Im Bad über der Dusche verrichtet der Maxxfan seit Beginn an seinen Dienst. Nun habe ich ihn getauscht gegen einen Super Fan Lüfter. Warum?

Der Maxxfan (Maxxfan Deluxe) ist eigentlich ein gut duchdachter Lüfter, der aber seit vielen Jahren erfolgreich am Markt ist. Und genau das ist das Problem: mögliche und notwendige Verbesserungen sollten doch eigentlich kontinuierlich geprüft werden und ggf. in die Produktion einfließen. Da tut sich aber leider nichts.
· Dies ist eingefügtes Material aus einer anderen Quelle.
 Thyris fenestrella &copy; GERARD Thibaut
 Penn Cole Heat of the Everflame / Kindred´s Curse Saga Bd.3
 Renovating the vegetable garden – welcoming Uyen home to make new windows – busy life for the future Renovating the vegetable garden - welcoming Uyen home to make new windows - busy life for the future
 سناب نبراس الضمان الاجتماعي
Was mich extrem stört: Der Lüftermotor ist bei mir quasi das ganze Jahr eingeschaltet. Außer bei Frost. D.h. ich lasse ihn eigentlich immer auf 10% laufen, um etwas die Luft im Fahrzeug umzuwälzen. Und da fängt er mit einger gewissen Regelmäßigkeit nach zwei Jahren immer mit Quietschgeräuschen an. Was daran liegt, daß eben ein Bürstenmotor mit daraus resultierendem Kohleabrieb verbaut ist. Also die Prozedur Motor ausbauen, öffnen, reinigen, Kohlen prüfen (die waren aber immer noch groß genug) und wieder einbauen. Zur Vereinfachung habe ich mir vor 2 Jahren einen Ersatzmotor gekauft, so daß ich den Tausch schnell durchführen und mich dann irgendwann in ruhiger Minute mich mit der Reinigung befassen kann. Allerdings kostet der Ersatzmotor aktuell auch ca. 150 Euro! Und man kann den Motor auch nicht einfach gegen einen bürstenlosen tauschen, da die Steuerung auch angepaßt werden muß (wofür es mittlerweile aber auch ein Projekt gibt, goole „Minuet fan controller“).
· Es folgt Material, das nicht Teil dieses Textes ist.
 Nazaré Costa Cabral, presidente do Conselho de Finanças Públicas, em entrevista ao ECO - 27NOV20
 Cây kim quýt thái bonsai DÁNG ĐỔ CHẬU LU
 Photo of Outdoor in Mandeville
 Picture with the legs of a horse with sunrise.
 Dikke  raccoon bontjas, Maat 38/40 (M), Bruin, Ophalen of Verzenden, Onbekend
Das muß doch aber nicht sein, ein Akkuschrauber für knapp über 30 Euro hat einen brushless Motor, das ist für solche Anwendungen heute einfach Standard … oder sollte sein …
Nun ist das ein Punkt, der vielleicht nicht bei allen Anwendern relevant ist. Wenn man sein Wohnmobil nur gelegentlich nutzt und der Lüfter auch nur dann läuft, wird das schon einige Jahre halten. Doch für mich ist es das ausschlaggebende Argument für die Alternative.
Und noch ein paar weitere Punkte, die mich stören, wären damit auch behoben:
- Da ich nach dem Duschen die Badtür schließe und den Lüfter hochdrehe, muß ich zum Umstellen auf meine 10% Leerlaufgeschwindigkeit aufstehen und die Tür öffnen. Die Fernbedienung ist Infrarot und braucht Sichtverbindung. Bei manchen Anwendern stört diese übrigens auch andere Gerät, bei mir aber nicht. Der Super Fan hat Funk.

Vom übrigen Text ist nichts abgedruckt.